Yamadayev, who had been awarded the Hero of Russia, the country’s highest honour, was the commander of Vostok, a battle-hardened battalion of former Chechen rebels which won praise in Russia’s war with Georgia in August.

But as enmity with Kadyrov mounted in late 2008, his battalion was dissolved, a warrant was issued for his arrest and he fled to the UAE.

The affair coincided with Kadyrov boasting that the Russian authorities were to end a decade-long anti-terror operation in Chechnya due to renewed stability, something that Moscow has yet to do.

Bizarrely, the Russian foreign ministry said that the Dubai authorities have still not informed them of Yamadayev’s death, although the press has reported Tamin saying he was buried earlier this month.

Yamadayev’s other brother, Isa, has always said Sulim Yamadayev was merely wounded in the attack and that his condition was even improving.

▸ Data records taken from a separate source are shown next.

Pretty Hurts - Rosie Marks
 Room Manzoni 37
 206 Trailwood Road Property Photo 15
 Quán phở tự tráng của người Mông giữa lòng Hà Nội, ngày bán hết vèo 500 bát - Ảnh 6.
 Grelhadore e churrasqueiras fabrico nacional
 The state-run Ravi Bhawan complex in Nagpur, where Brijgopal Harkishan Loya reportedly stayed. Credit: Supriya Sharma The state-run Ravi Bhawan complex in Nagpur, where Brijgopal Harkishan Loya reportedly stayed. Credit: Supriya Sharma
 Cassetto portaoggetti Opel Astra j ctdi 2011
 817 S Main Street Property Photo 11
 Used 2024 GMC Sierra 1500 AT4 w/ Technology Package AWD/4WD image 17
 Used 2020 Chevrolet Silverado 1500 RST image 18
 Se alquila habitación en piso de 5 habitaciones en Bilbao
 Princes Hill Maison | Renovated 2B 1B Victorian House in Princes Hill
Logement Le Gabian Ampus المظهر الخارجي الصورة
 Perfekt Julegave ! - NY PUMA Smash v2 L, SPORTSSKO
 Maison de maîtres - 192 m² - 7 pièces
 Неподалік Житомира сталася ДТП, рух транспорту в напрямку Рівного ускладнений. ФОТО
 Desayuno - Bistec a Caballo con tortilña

Last month, a would-be-repentant hit man for Kadyrov in Europe, Ruslan Khalidov, claimed the Chechen president kept a list of 300 Chechen émigrés to be taken out, in a video confession posted on the Kavkazcenter.com website.

"Does this list exist? All that we can say is that there are people opposing Kadyrov and these people are dead," Izmaylov said, adding that Kadyrov himself has said he could not allow any challenge to his power in Chechnya.

But Chevedov doubted there was any "rational motive" behind the murders.

"No doubt, they have more to do with a settling of past accounts,” he said. “And as always there are no real investigations in our country. There is no reason to believe that this violence will end."